Chaotic videos of teens and mascots across all sorts of brands trying the Grimace shake only for something indescribable to happen to them litter social media. Why? Why does the Grimace shake inspire such a reaction?
And why did it make people want the shake more?
TikTok Advertising
It’s no secret that songs with trends attached usually do better on TikTok. Drake’s song “Kiki” started a somewhat dangerous trend of dancing beside a moving car. Tessa Violet’s “Crush” inspired a trend of makeup videos. We have evidence it works for stuff outside of music, too – Martinelli Apple Cider containers blew up big time when teens on the app discovered that they sounded sort of like apples when crushed. Not really, but the incredulity only sold more apple cider.
If you can get something to trend on TikTok, you can sell tons of it. However, this comes with a downside: once the trend is over, the sales go back down. Pink sauce comes to mind – once it was no longer a spectacle, the desire to buy it went out the window for most. Now it’s at Walmart. In many pictures, it’s in the clearance section, a rainbow of inconsistent beige-pink sauce dominating the shelf.
Grimace Shake
Knowing that, a limited, never-been-done before promotion for Grimace’s birthday was a great idea.

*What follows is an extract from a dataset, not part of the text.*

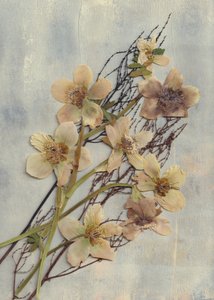 Delicate Pressed Flowers by Maira Ribena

The McRib? Shamrock shakes? Who cares, those are things the adults talk about when they come back. The real killer is something new to the teens who go to McDonald’s, and by golly the Grimace Shake delivered.

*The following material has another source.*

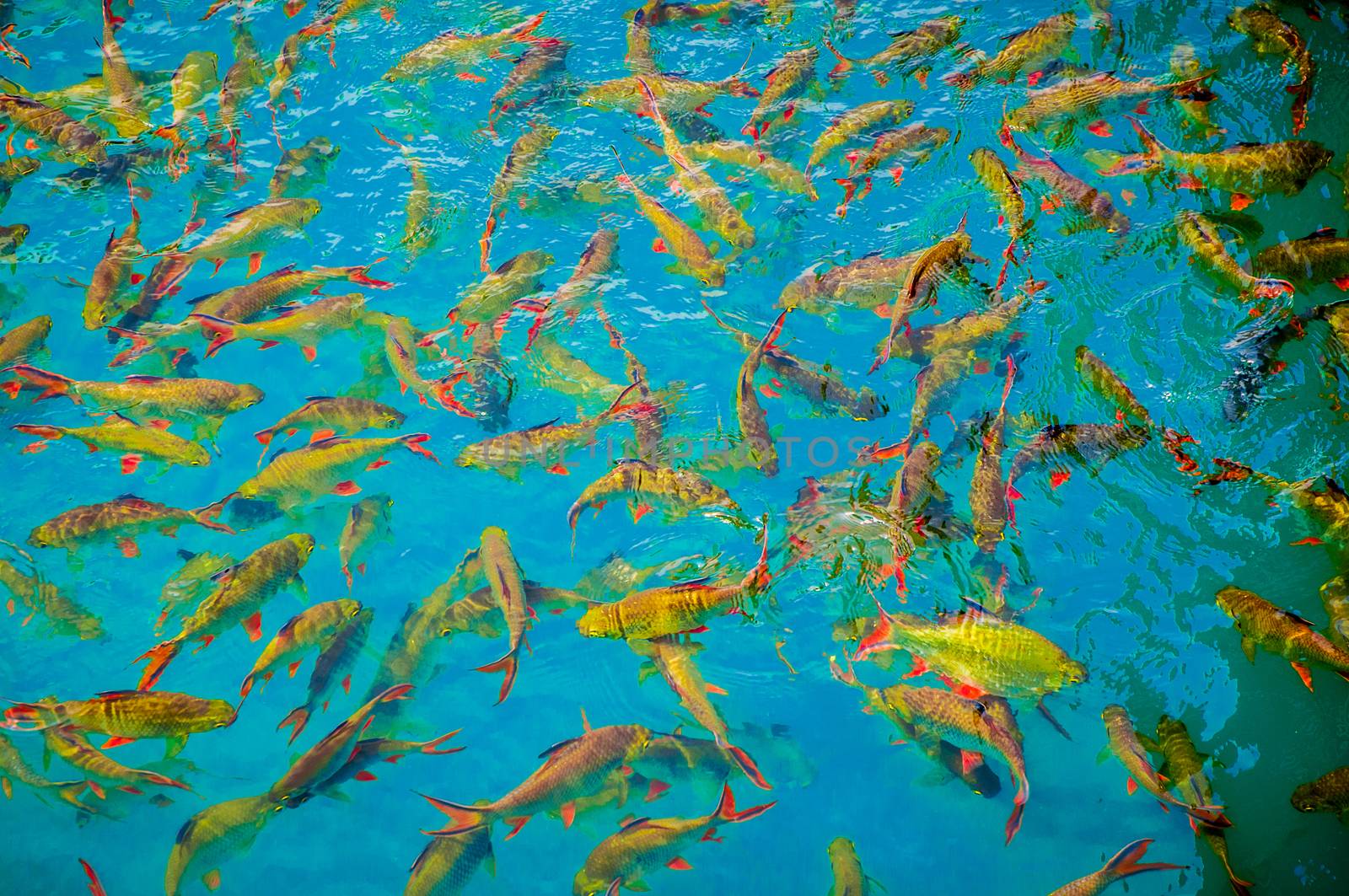 Fancy carp fishs in The pond are eating food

It’s purple! It’s allegedly blueberry flavored. It comes in a special cup. It’s the sort of cutesy, visually appealing, and easy to imagine beverage that social media loves. It was destined for success. But something bizarre started happening.
TikTok loves horror. They love liminal horror, they love personal horror, they love dreamlike Subway orders and nightmarish song generator accounts both featuring clever editing and implications never outright stated. In this environment, the thought “hey, wouldn’t it be funny if the grimace shake was secretly evil or something?” came to multiple creators almost at the same time. Predictably, the results were completely bizarre. The Grimace shake took on an almost Eldritch status, and consumers of it would do everything from chugging it to bathing in it to cutting to themselves in the Family Guy arm-behind-the-back death pose after drinking it. Truly, it was a phenomenon.
Marketing
Ultimately, the marketing was a huge success. Teens made funny, trendy videos with the milkshake, kids enjoyed the taste and usually never saw those videos, and since the campaign had a clear ending time, it didn’t have time to start turning cringe. People didn’t run out of ideas before McDonalds stopped selling the shake, at least. As a marketing campaign, it was about the best McDonalds could hope for from a generation of ever-more jaded youngsters looking for something fun to do. Why not make a video with a McDonalds product for the internet? That sounds fun. And it was fun. Something weird happened to a business’s product and everyone just kept running with it. It’s wholesome in comparison to the treatment brands normally get online!